After finding the line that holds "Next, unscrew the" below, set down that line and the rest through the final one exactly, leaving the pictures out.
** Opening Data for this task block **
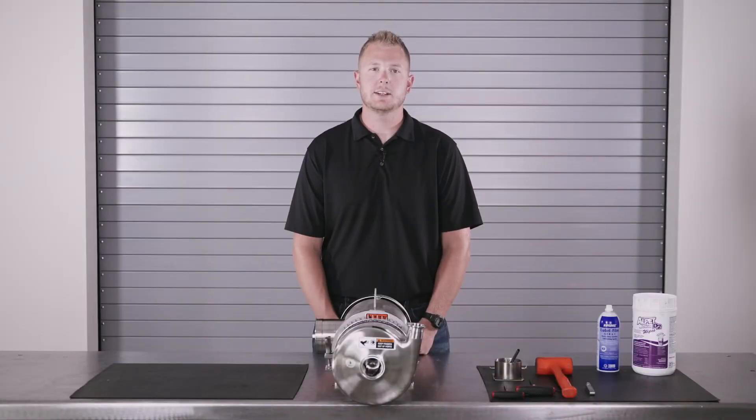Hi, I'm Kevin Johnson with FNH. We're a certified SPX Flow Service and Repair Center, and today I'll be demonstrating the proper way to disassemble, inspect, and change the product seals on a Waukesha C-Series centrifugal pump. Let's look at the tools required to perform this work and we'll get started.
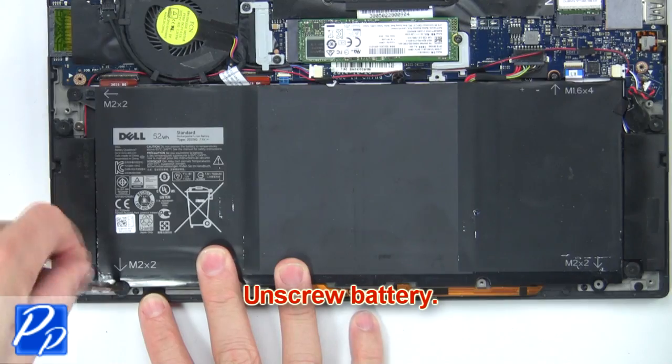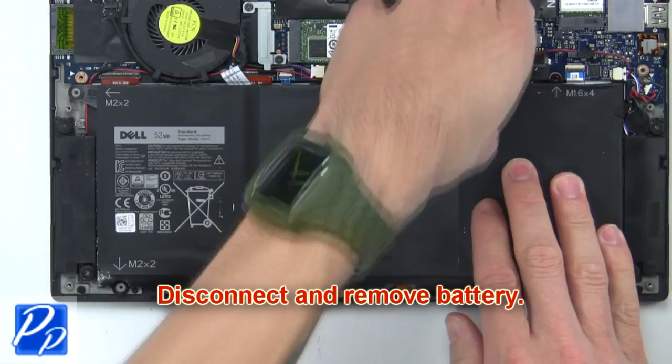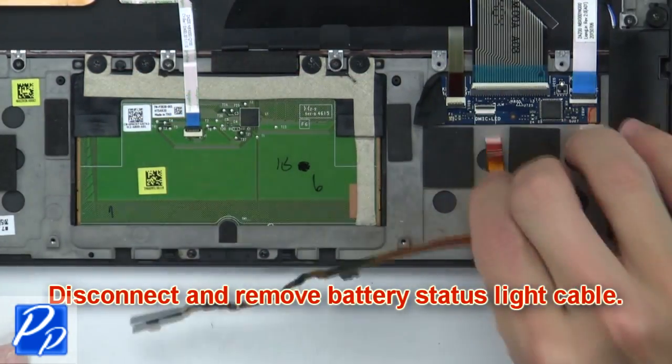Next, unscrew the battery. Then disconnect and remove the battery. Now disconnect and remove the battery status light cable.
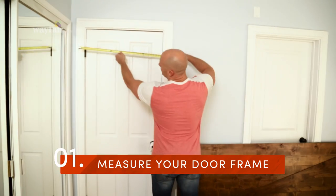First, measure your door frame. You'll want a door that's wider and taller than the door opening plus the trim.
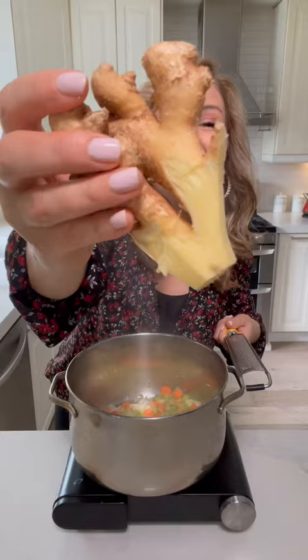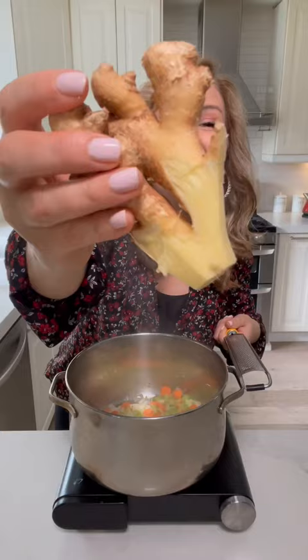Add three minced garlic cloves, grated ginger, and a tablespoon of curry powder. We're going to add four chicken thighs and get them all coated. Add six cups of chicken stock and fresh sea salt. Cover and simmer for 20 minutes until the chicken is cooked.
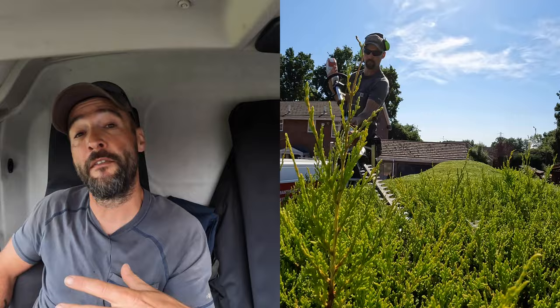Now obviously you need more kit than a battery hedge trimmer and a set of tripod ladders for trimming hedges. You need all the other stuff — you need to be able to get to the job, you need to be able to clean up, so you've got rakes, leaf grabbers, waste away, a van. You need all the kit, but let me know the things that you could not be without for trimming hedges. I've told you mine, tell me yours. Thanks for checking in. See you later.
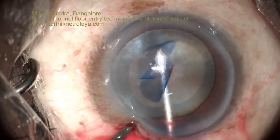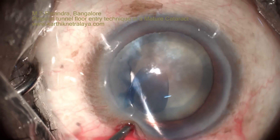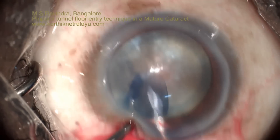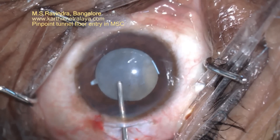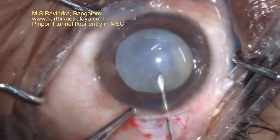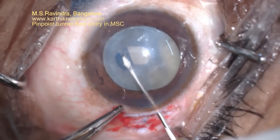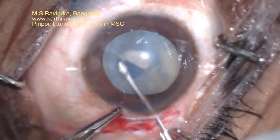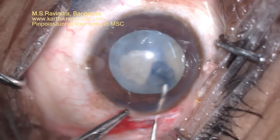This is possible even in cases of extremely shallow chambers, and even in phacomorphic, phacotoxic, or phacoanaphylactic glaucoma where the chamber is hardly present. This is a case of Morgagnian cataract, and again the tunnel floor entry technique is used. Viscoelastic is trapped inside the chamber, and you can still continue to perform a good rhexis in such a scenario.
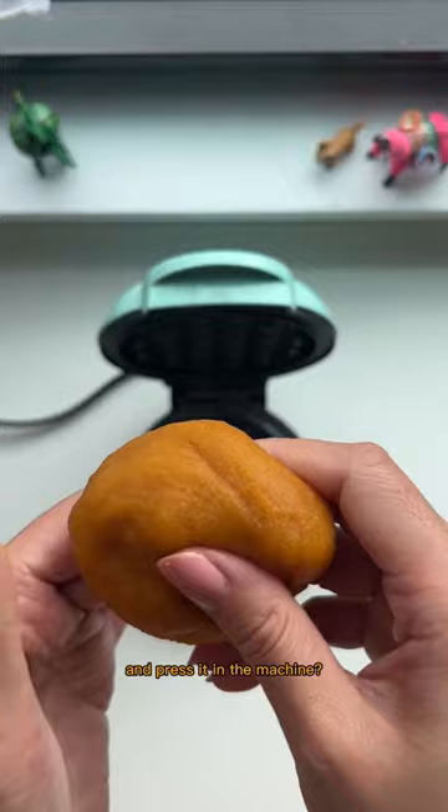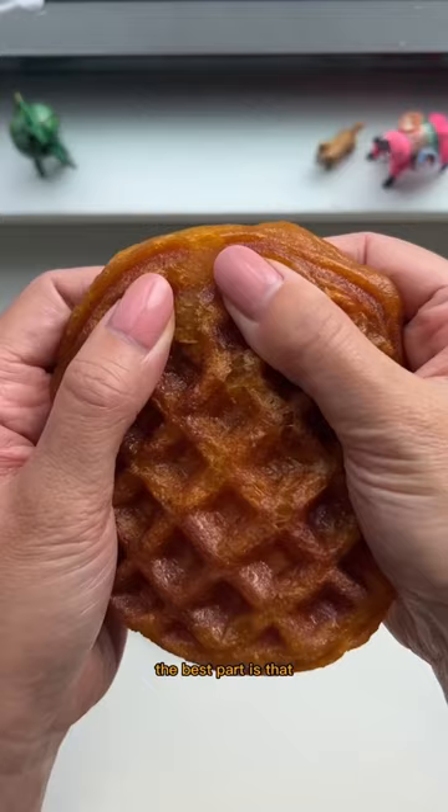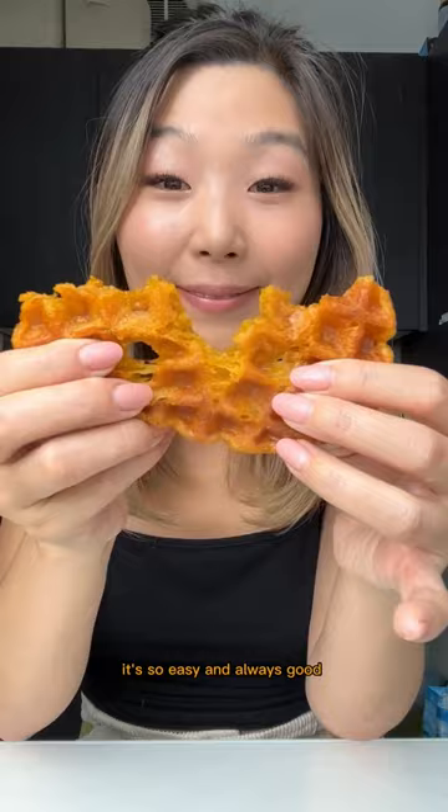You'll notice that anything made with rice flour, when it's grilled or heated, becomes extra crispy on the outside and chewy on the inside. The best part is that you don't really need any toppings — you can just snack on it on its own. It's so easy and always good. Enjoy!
** Closing Data for this task block **
• **Your solution**
Next, unscrew the battery. Then disconnect and remove the battery. Now disconnect and remove the battery status light cable.
First, measure your door frame. You'll want a door that's wider and taller than the door opening plus the trim.
Add three minced garlic cloves, grated ginger, and a tablespoon of curry powder. We're going to add four chicken thighs and get them all coated. Add six cups of chicken stock and fresh sea salt. Cover and simmer for 20 minutes until the chicken is cooked.
Now obviously you need more kit than a battery hedge trimmer and a set of tripod ladders for trimming hedges. You need all the other stuff — you need to be able to get to the job, you need to be able to clean up, so you've got rakes, leaf grabbers, waste away, a van. You need all the kit, but let me know the things that you could not be without for trimming hedges. I've told you mine, tell me yours. Thanks for checking in. See you later.
This is possible even in cases of extremely shallow chambers, and even in phacomorphic, phacotoxic, or phacoanaphylactic glaucoma where the chamber is hardly present. This is a case of Morgagnian cataract, and again the tunnel floor entry technique is used. Viscoelastic is trapped inside the chamber, and you can still continue to perform a good rhexis in such a scenario.
You'll notice that anything made with rice flour, when it's grilled or heated, becomes extra crispy on the outside and chewy on the inside. The best part is that you don't really need any toppings — you can just snack on it on its own. It's so easy and always good. Enjoy!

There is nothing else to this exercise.